Bien sûr l’idée a une existence, non pas une matérialité. Sans matérialité elle a une réalité et une existence qui lui est propre. La seule pensée fait défiler des mots, autant d’empreintes dans le psychisme. Nous n’avons pas besoin que les choses existent dans la réalité pour qu’elles existent. Le seul fait de pouvoir se les représenter, les penser, d’en construire le concept (100 thalers) confère leur existence.
Tout le problème est de savoir si lorsque je vais dire qu’une chose existe, je lui enlève ou lui rajoute quelque chose.
Dans la logique qui était la nôtre, si nous parlons de ex aliquo d’où proviendrait le sens très fort et premier de existere, exister, nous comprenons pourquoi il est inadéquat de dire que Dieu existe, puisque Dieu existe voudrait dire :
1) Qu’il a son originalité à l’extérieur de lui-même, comme tout être.
2) Qu’il a lui-même la contingence. C’est toujours à l’extérieur du concept de Dieu que je trouverai son existence.
Que doit-on dire? Dieu existant ou pas, nous voyons le danger que cela représente. Nous voyons justement comment l’existence va nous apparaitre comme défaillante, comme toujours relative à l’être, et comme signification de l’être, n’ayant aucune autonomie, ne se pensant pas sans l’être.
D’autre part va-t-on dire Dieu est ? Est-ce mieux ?
Deux réponses possibles.
1) Oui si l’être excède l’existence. La métaphysique le montre.
2) Non si l’être désigne simplement une nécessité logique. Dieu serait alors assimilable à un pur objet mathématique.

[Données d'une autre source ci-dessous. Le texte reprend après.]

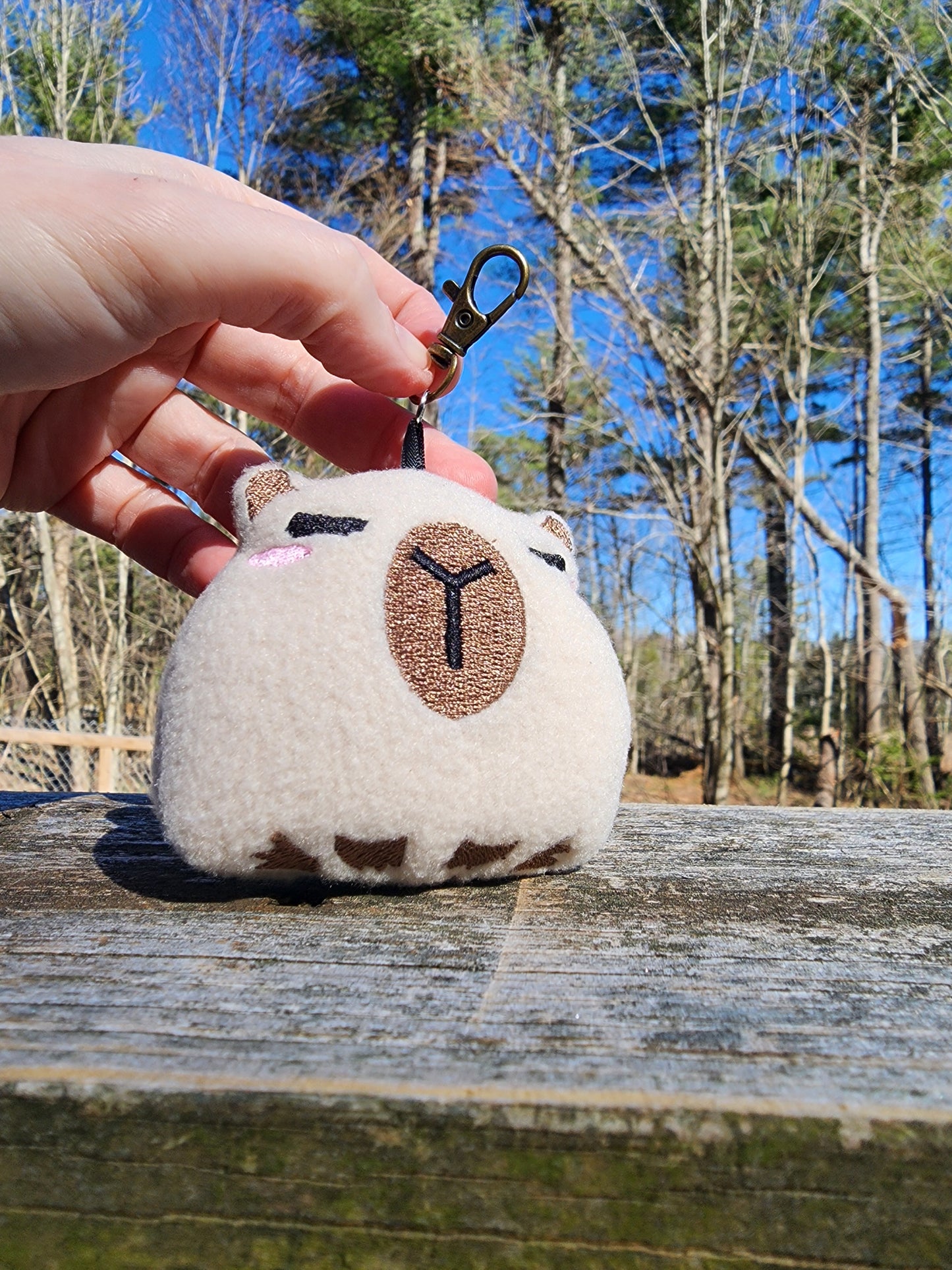 Capybara Plushie Keychain Plush keychain Sweethaven Cottage   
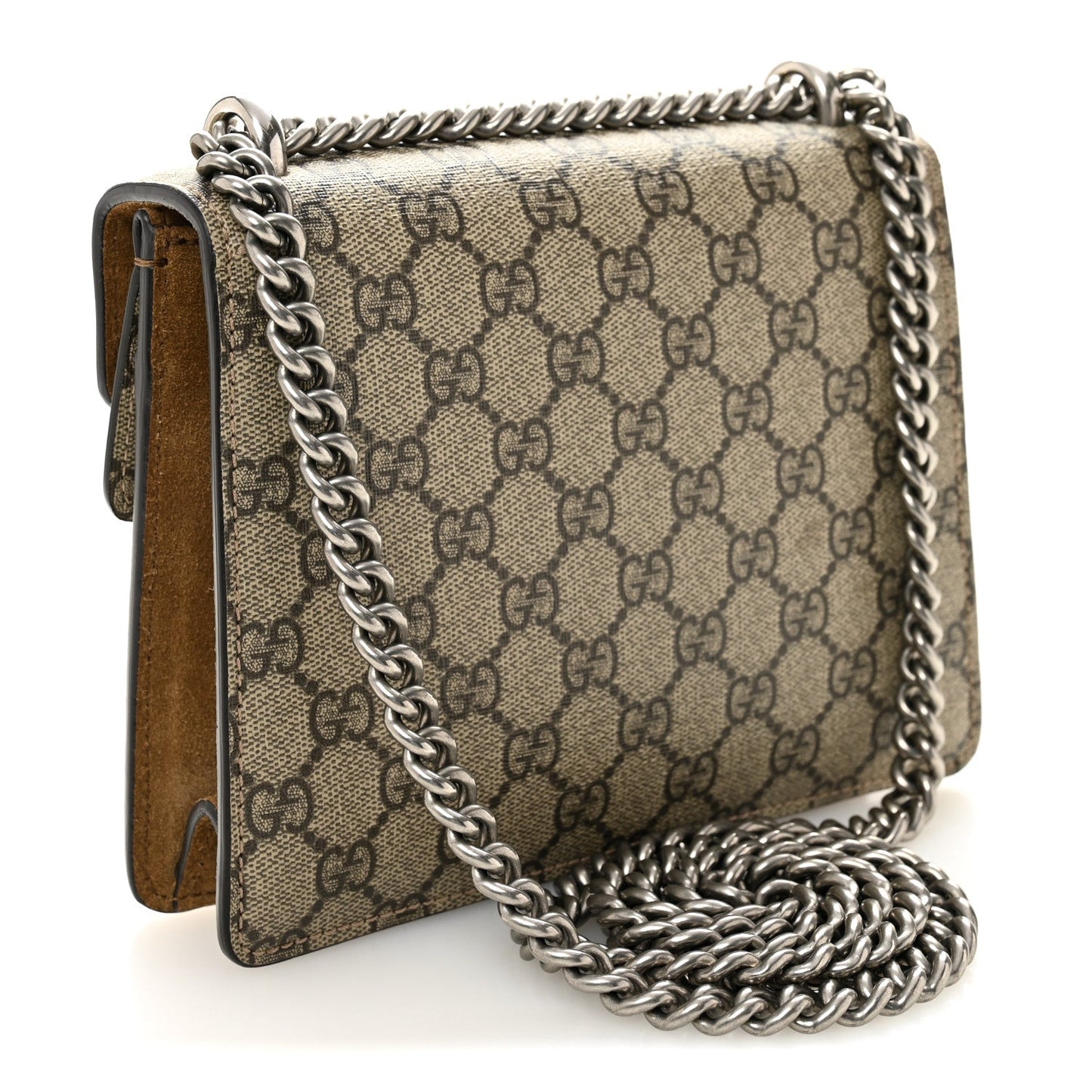 GG Supreme Monogram Mini Dionysus Shoulder Bag Taupe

Il n’aurait d’existence, il n’aurait de réalité que celle du triangle et du cercle.
Nous aboutissons à l’idéalisme le plus total, à la formulation que Dieu n’est que l’idée de Dieu.
Tout ceci constitue l’héritage dont nos penseurs vont s’emparer.
Les différentes significations du terme exister.
Il y a toujours une interaction sur le plan sémantique, le plan de la signification des mots, entre le plan du langage, les idées et les notions philosophiques qui définissent plus particulièrement la métaphysique.
Toute la métaphysique qui tourne autour de la notion d’être est une conséquence d’un phénomène grammatical qui va déraper et permettre de poser une notion qui n’existait pas, qui est celle de l’être. C’est un réservoir où s’accumulent les significations qui vont permettre de comprendre les questions.